Since director Peter Jackson shot all three “Lord of the Rings” films simultaneously, fans can expect another dose of class and quality. 

It doesn’t hurt that J.R.R. Tolkien’s saga of Middle-earth and a hobbit named Frodo has almost 50 years of built-in fandom, and that Jackson left audiences salivating for part two with last year’s opening chapter, “The Fellowship of the Ring.” 

Likewise, 2001’s top moneymaker, “Harry Potter and the Sorcerer’s Stone,” has fans itching for the next big-screen adaptation from J.K. Rowling’s fantasy series about the boy wizard. 

“Chamber of Secrets” director Chris Columbus, who also made “Sorcerer’s Stone,” said audiences can expect another two-and-a-half-hour adventure as Harry (Daniel Radcliffe) fights fresh evil at Hogwarts school. 

Columbus found two big advantages this time. He could jump right in on the action, without the character set-up and scene-setting necessary in the first film. And he said “Chamber of Secrets” makes for a more visual tale — “I found it to be the most cinematic of all the books, except maybe ‘Goblet of Fire.”’ 

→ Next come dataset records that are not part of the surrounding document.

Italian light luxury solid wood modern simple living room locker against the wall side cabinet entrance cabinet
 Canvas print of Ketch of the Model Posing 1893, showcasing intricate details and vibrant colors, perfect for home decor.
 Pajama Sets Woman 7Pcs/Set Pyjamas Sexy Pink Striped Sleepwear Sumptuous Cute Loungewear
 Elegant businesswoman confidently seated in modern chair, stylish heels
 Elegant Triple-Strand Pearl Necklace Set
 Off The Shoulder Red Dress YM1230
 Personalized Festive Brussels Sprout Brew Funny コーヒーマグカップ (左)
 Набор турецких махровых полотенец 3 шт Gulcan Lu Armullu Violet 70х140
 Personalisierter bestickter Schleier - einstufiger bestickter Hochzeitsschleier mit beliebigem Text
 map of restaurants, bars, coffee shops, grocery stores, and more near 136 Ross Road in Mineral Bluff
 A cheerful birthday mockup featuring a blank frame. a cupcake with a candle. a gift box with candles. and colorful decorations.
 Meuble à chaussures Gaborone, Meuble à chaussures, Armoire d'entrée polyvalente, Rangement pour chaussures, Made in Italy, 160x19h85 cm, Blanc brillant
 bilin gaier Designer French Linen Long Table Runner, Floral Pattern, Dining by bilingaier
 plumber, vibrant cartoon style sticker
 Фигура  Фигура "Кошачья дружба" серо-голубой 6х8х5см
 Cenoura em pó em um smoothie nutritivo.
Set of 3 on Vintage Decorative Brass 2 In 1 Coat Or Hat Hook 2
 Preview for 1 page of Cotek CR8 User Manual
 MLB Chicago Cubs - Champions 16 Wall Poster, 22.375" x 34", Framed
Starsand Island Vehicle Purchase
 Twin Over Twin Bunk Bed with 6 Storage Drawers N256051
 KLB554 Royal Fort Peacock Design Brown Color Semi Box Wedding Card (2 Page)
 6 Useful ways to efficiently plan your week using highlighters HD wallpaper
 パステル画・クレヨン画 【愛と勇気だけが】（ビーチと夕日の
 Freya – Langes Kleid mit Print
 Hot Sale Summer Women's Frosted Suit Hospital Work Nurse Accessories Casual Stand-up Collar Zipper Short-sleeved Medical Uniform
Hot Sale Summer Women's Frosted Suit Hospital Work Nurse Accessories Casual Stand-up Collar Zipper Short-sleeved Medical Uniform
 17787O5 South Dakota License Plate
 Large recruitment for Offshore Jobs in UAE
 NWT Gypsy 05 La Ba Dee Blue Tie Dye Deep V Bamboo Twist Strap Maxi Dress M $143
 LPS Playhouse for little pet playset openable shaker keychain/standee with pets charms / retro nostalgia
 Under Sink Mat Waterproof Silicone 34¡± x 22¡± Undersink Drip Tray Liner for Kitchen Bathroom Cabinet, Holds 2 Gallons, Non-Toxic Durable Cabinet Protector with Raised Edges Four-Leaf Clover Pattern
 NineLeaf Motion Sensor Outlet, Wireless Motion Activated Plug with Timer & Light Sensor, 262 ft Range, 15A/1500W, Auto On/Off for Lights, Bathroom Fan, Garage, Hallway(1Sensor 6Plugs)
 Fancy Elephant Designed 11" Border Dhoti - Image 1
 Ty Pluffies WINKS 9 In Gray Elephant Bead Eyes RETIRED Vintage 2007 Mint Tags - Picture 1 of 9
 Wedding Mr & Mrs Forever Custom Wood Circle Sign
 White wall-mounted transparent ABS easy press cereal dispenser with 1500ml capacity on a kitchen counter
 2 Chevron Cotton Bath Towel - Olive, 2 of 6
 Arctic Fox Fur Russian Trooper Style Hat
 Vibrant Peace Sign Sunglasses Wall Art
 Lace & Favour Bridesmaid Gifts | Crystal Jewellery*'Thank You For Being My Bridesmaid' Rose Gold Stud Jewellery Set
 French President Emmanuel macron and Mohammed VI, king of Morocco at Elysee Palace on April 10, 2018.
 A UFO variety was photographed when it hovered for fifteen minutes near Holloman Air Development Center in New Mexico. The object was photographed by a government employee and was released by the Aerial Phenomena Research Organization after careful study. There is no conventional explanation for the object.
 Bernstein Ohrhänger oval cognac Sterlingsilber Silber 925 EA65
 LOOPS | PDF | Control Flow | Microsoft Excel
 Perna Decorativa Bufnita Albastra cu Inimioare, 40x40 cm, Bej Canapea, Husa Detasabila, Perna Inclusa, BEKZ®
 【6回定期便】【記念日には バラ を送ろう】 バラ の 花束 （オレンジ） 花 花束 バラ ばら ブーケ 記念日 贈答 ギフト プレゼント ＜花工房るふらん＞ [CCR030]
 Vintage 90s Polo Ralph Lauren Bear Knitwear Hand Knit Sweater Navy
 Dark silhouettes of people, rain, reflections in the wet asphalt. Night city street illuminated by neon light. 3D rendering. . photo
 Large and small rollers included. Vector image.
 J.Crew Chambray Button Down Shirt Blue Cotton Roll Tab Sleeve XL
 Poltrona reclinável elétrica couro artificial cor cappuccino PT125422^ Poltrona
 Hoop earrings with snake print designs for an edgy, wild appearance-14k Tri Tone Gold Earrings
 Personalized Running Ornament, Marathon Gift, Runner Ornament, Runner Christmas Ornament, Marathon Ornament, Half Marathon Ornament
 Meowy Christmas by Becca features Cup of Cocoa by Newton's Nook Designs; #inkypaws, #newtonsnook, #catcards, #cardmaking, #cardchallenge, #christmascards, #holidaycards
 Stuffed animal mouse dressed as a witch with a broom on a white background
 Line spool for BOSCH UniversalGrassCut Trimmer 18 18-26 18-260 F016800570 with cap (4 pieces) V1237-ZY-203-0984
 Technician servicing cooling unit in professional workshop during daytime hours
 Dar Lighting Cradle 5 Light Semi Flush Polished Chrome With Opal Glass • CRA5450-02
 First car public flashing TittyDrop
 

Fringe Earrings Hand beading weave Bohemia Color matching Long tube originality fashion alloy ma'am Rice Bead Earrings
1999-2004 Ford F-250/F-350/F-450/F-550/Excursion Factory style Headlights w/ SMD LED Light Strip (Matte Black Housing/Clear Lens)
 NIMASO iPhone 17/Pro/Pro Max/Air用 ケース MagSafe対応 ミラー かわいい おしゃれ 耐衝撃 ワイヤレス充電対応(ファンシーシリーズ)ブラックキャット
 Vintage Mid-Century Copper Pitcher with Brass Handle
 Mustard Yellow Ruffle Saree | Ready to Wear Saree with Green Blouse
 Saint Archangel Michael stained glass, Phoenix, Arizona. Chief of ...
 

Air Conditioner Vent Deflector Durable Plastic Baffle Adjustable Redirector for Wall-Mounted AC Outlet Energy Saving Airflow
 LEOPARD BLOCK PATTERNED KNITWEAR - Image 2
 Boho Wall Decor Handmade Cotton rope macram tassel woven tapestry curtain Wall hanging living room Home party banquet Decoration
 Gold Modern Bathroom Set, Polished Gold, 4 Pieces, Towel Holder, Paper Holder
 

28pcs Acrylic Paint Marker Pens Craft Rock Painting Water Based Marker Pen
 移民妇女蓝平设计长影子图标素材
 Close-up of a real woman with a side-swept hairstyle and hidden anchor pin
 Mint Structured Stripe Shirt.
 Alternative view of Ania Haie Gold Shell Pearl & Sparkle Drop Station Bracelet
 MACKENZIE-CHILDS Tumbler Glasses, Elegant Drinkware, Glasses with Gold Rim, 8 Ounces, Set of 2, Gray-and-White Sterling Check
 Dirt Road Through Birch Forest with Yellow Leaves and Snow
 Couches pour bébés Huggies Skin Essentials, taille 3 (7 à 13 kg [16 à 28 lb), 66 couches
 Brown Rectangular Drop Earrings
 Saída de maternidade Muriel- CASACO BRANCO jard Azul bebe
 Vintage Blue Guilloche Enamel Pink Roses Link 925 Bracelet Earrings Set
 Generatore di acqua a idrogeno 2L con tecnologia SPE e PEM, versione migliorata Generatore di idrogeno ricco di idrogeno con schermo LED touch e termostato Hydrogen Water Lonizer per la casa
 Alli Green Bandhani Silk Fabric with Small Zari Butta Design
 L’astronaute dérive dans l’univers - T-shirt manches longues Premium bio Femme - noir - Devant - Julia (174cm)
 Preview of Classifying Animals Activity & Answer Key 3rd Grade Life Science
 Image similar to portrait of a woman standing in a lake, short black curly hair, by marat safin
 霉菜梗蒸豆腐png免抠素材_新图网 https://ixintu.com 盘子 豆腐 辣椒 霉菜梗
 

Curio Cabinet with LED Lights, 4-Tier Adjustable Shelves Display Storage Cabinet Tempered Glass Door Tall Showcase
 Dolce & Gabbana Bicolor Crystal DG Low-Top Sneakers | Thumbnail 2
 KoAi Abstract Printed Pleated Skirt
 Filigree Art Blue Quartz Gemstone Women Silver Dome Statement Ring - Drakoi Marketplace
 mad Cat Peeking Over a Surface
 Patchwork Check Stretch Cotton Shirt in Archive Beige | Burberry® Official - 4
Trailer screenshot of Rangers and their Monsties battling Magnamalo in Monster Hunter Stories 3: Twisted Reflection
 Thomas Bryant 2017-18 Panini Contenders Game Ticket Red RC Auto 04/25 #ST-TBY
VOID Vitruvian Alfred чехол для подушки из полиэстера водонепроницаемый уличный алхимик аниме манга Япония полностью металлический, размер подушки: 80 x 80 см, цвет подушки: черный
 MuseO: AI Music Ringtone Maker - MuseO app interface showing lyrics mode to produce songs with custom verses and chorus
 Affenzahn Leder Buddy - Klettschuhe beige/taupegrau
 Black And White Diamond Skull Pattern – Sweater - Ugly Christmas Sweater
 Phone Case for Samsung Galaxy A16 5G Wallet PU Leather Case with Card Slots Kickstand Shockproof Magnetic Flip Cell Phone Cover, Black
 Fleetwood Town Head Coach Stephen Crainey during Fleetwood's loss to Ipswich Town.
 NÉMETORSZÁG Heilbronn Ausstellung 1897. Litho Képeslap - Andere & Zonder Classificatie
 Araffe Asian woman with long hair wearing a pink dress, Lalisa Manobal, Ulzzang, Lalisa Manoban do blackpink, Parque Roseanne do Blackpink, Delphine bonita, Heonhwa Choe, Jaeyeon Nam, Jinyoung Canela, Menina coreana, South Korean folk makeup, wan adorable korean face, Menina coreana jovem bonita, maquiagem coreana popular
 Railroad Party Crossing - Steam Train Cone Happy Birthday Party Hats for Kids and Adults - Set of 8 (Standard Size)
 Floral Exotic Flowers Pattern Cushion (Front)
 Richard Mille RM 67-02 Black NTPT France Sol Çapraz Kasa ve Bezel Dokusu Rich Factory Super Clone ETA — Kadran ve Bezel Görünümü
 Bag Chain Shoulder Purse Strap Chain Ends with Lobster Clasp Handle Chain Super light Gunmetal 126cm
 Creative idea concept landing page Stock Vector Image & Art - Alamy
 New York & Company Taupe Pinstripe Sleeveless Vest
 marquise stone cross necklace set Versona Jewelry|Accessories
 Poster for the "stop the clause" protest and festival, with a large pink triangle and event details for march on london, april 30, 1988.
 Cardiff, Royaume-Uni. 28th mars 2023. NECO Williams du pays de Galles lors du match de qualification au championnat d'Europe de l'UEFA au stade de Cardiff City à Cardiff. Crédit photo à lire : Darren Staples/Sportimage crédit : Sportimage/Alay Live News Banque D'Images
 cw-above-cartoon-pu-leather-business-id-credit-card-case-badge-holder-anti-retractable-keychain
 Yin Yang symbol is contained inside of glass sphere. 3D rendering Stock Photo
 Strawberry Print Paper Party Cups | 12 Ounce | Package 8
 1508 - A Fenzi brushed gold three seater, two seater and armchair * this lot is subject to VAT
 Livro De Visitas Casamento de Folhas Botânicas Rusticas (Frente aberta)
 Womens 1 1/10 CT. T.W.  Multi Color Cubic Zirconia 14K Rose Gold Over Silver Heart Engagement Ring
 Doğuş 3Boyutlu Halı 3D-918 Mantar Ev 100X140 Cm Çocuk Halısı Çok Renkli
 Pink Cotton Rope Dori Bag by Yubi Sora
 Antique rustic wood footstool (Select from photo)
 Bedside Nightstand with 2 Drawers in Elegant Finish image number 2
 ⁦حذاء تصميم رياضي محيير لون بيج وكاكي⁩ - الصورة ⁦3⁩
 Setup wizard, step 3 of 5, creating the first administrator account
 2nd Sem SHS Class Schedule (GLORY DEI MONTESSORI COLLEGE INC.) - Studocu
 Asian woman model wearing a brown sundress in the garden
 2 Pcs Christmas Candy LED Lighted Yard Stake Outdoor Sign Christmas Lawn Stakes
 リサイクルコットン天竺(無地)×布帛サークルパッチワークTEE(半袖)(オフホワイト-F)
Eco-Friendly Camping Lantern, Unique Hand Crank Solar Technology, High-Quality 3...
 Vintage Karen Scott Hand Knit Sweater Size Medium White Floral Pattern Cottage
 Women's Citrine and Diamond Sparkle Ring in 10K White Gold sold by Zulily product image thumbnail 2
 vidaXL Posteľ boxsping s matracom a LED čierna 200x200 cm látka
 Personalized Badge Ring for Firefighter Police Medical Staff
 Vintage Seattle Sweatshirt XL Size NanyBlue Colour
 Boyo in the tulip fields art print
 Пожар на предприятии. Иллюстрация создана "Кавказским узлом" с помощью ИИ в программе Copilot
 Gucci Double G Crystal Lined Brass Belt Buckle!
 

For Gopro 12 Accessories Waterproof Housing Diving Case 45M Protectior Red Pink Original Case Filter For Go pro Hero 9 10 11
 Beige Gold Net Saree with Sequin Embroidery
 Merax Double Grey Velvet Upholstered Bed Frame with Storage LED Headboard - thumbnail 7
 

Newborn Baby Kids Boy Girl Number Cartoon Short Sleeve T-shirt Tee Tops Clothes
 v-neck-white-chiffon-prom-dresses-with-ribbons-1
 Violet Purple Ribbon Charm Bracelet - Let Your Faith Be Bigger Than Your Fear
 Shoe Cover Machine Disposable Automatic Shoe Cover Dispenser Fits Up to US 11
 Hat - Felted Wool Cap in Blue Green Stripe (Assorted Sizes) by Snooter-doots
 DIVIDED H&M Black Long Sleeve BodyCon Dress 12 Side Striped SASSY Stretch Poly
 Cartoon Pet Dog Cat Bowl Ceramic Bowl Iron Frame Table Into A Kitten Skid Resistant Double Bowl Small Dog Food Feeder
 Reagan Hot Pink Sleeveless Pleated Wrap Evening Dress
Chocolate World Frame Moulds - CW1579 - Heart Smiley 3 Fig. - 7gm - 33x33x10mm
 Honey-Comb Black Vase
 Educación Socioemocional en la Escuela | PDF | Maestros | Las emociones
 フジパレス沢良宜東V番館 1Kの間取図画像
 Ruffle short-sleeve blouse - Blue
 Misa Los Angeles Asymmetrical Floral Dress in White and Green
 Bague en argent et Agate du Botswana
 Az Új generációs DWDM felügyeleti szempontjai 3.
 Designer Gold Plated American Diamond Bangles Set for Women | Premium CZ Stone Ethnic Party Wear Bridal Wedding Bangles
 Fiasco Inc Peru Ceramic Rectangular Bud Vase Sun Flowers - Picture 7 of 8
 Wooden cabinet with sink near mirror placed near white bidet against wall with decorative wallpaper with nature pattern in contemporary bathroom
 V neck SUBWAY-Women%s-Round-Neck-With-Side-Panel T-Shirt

The action is buoyed by improved special effects, Columbus said, including a bigger and better round of quidditch, a game played on flying broomsticks, crafted by George Lucas’ Industrial Light & Magic effects house. 

Inevitable blockbusters, the only question about “Chamber of Secrets” and “Two Towers” is where they will stack up on a 2002 box-office chart that already has produced a $400 million sensation in “Spider-Man” and a $300 million smash in “Star Wars: Episode II — Attack of the Clones.”